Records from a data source

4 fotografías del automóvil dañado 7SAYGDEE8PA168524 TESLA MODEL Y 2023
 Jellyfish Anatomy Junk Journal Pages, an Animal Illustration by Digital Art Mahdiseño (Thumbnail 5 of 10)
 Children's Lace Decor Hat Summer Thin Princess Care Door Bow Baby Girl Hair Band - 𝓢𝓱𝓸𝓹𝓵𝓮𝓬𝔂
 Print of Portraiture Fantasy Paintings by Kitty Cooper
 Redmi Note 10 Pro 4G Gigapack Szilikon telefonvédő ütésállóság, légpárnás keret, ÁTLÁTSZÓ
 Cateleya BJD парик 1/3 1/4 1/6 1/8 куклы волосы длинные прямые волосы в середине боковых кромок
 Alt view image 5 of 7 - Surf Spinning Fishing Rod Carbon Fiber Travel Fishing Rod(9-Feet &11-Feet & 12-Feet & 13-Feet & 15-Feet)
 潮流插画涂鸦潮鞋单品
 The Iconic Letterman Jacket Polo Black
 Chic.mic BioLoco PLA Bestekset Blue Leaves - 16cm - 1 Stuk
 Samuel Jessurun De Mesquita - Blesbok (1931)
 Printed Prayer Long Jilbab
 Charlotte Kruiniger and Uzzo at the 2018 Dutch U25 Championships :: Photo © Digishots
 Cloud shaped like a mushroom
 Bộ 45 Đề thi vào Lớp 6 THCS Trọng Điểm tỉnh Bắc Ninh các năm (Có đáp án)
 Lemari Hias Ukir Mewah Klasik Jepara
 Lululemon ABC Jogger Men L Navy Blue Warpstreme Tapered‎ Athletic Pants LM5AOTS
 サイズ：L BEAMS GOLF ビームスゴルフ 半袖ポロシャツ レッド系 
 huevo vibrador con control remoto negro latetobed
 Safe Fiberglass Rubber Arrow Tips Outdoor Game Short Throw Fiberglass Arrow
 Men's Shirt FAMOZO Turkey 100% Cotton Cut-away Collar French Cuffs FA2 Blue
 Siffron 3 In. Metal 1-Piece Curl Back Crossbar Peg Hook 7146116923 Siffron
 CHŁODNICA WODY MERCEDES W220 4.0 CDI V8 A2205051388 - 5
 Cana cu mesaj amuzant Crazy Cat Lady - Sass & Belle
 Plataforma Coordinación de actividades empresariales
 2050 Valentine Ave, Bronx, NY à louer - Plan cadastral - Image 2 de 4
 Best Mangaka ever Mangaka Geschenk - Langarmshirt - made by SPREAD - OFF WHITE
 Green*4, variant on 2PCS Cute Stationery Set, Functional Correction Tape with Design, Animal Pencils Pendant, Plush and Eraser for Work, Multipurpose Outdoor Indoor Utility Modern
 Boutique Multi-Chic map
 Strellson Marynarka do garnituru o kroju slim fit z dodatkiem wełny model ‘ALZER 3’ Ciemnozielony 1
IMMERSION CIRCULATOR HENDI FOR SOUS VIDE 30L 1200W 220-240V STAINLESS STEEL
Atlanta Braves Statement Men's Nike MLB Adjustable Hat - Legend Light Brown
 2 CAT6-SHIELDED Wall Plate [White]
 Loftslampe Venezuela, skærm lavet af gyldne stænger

● What you should do
Please write out every line of the data exactly.

● Task result
4 fotografías del automóvil dañado 7SAYGDEE8PA168524 TESLA MODEL Y 2023
 Jellyfish Anatomy Junk Journal Pages, an Animal Illustration by Digital Art Mahdiseño (Thumbnail 5 of 10)
 Children's Lace Decor Hat Summer Thin Princess Care Door Bow Baby Girl Hair Band - 𝓢𝓱𝓸𝓹𝓵𝓮𝓬𝔂
 Print of Portraiture Fantasy Paintings by Kitty Cooper
 Redmi Note 10 Pro 4G Gigapack Szilikon telefonvédő ütésállóság, légpárnás keret, ÁTLÁTSZÓ
 Cateleya BJD парик 1/3 1/4 1/6 1/8 куклы волосы длинные прямые волосы в середине боковых кромок
 Alt view image 5 of 7 - Surf Spinning Fishing Rod Carbon Fiber Travel Fishing Rod(9-Feet &11-Feet & 12-Feet & 13-Feet & 15-Feet)
 潮流插画涂鸦潮鞋单品
 The Iconic Letterman Jacket Polo Black
 Chic.mic BioLoco PLA Bestekset Blue Leaves - 16cm - 1 Stuk
 Samuel Jessurun De Mesquita - Blesbok (1931)
 Printed Prayer Long Jilbab
 Charlotte Kruiniger and Uzzo at the 2018 Dutch U25 Championships :: Photo © Digishots
 Cloud shaped like a mushroom
 Bộ 45 Đề thi vào Lớp 6 THCS Trọng Điểm tỉnh Bắc Ninh các năm (Có đáp án)
 Lemari Hias Ukir Mewah Klasik Jepara
 Lululemon ABC Jogger Men L Navy Blue Warpstreme Tapered‎ Athletic Pants LM5AOTS
 サイズ：L BEAMS GOLF ビームスゴルフ 半袖ポロシャツ レッド系 
 huevo vibrador con control remoto negro latetobed
 Safe Fiberglass Rubber Arrow Tips Outdoor Game Short Throw Fiberglass Arrow
 Men's Shirt FAMOZO Turkey 100% Cotton Cut-away Collar French Cuffs FA2 Blue
 Siffron 3 In. Metal 1-Piece Curl Back Crossbar Peg Hook 7146116923 Siffron
 CHŁODNICA WODY MERCEDES W220 4.0 CDI V8 A2205051388 - 5
 Cana cu mesaj amuzant Crazy Cat Lady - Sass & Belle
 Plataforma Coordinación de actividades empresariales
 2050 Valentine Ave, Bronx, NY à louer - Plan cadastral - Image 2 de 4
 Best Mangaka ever Mangaka Geschenk - Langarmshirt - made by SPREAD - OFF WHITE
 Green*4, variant on 2PCS Cute Stationery Set, Functional Correction Tape with Design, Animal Pencils Pendant, Plush and Eraser for Work, Multipurpose Outdoor Indoor Utility Modern
 Boutique Multi-Chic map
 Strellson Marynarka do garnituru o kroju slim fit z dodatkiem wełny model ‘ALZER 3’ Ciemnozielony 1
IMMERSION CIRCULATOR HENDI FOR SOUS VIDE 30L 1200W 220-240V STAINLESS STEEL
Atlanta Braves Statement Men's Nike MLB Adjustable Hat - Legend Light Brown
 2 CAT6-SHIELDED Wall Plate [White]
 Loftslampe Venezuela, skærm lavet af gyldne stænger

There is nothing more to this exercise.